|Proportions of children with different scores on phonics screen in 2012 and 2013. Dotted lines show interpolated values.|
Saturday 5 October 2013
Good and bad news on the phonics screen
Teaching children to read is a remarkably fraught topic. Last year the UK Government introduced a screening check to assess children’s ability to use phonics – i.e., to decode letters into sounds. Judging from the reaction in some quarters they might as well have announced they were going to teach 6-year-olds calculus. The test, we were told, would confuse and upset children and not tell teachers anything they did not already know. Some people implied that there was an agenda to teach children to read solely using meaningless materials. This, of course, is not the case. Nonwords are used in assessment precisely because you need to find out if the child has the skills to attack an unfamiliar word by working out the sounds. Phonics has been ignored or rejected for many years by those who assumed that if you taught phonics the child would be doomed to an educational approach that involved boring drills in meaningless materials. This is not the case: for instance, Kevin Wheldall argues that children need to combine teaching of phonics with training in vocabulary and comprehension, and storybook reading with real texts should be a key component of reading instruction.
There is evidence for the effectiveness of phonics training from controlled trials, and I therefore regard it as a positive move that the government has endorsed the use of phonics in schools. However, they continue to meet resistance from many teachers, for a whole range of reasons. Some just don’t like phonics. Some don’t like testing children, especially when the outcome is a pass/fail classification. Many fear that the government will use results of a screening test to create league tables of schools, or to identify bad teachers. Others question the whole point of screening: This recent piece from the BBC website quotes Christine Blower, the head of the National Union of Teachers, as saying: "Children develop at different levels, the slow reader at five can easily be the good reader by the age of 11.” To anyone familiar with the literature on predictors of children’s reading, this shows startling levels of complacency and ignorance. We have known for years that you can predict with good accuracy which children are likely to be poor readers at 11 years from their reading ability at 6 (Butler et al, 1985).
When the results from last year's phonics screen came out I blogged about them, because they looked disturbingly dodgy, with a spike in the frequency distribution at the pass mark of 32. On Twitter, @SusanGodsland has pointed me to a report on the 2012 data where this spike was discussed. This noted that the spike in the distribution was not seen in a pilot study where the pass mark had not been known in advance. The spike was played down in this report, and attributed to “teachers accounting for potential misclassification in the check results, and using their teacher judgment to determine if children are indeed working at the expected standard.” It was further argued that the impact of the spike was small, and would lead to only around 4% misclassification.

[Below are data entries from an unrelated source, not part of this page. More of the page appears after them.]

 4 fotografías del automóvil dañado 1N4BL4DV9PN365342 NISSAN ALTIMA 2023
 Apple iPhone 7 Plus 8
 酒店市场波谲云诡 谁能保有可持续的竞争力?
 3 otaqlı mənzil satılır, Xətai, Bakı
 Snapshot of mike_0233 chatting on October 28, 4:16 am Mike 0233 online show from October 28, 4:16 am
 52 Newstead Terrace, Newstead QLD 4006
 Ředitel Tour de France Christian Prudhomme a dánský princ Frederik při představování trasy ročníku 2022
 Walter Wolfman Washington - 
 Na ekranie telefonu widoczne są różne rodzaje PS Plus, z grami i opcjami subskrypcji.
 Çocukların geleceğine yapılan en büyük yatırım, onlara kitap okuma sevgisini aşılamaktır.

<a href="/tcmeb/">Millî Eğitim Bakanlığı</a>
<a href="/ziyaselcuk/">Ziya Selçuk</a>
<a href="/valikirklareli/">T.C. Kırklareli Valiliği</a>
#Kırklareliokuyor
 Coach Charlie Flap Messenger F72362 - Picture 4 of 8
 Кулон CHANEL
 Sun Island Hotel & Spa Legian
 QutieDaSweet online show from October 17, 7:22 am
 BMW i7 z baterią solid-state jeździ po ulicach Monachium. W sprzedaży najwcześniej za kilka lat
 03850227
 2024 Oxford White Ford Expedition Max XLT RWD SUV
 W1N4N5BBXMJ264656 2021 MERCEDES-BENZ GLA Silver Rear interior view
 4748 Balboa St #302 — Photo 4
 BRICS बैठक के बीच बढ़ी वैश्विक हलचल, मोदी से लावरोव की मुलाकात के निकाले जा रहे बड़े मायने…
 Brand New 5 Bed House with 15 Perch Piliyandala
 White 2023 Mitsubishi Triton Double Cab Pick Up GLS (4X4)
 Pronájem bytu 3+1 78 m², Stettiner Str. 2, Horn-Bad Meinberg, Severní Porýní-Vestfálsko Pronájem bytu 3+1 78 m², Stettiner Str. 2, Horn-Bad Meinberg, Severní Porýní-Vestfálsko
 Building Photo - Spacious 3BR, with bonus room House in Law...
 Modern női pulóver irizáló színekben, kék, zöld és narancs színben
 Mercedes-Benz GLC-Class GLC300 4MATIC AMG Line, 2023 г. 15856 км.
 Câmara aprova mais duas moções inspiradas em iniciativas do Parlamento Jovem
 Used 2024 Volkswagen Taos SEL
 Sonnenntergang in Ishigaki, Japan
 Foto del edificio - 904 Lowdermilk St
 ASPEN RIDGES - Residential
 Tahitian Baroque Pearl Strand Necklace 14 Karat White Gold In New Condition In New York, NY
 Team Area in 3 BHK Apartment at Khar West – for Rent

However, a more detailed research report on the results was rather less mealy-mouthed about the spike and noted “the national distribution of scores suggests that pupils on the borderline may have been marked up to meet the expected standard.” The authors of that report did the best they could with the data and carried out two analyses to try to correct for the spike. In the first, they deleted points in the distribution where the linear pattern of increase in scores was disrupted, and instead interpolated the line. They concluded that this gave 54% rather than 58% of children passing the screen. The second approach, which they described as more statistically robust, was to take all the factors that they had measured that predicted scores on the phonics screen, ignoring cases with scores close to the spike, and then use these to predict the percentage passing the screen in the whole population. When this method was used, only 46% of children were estimated to have passed the screen when the spike was corrected for.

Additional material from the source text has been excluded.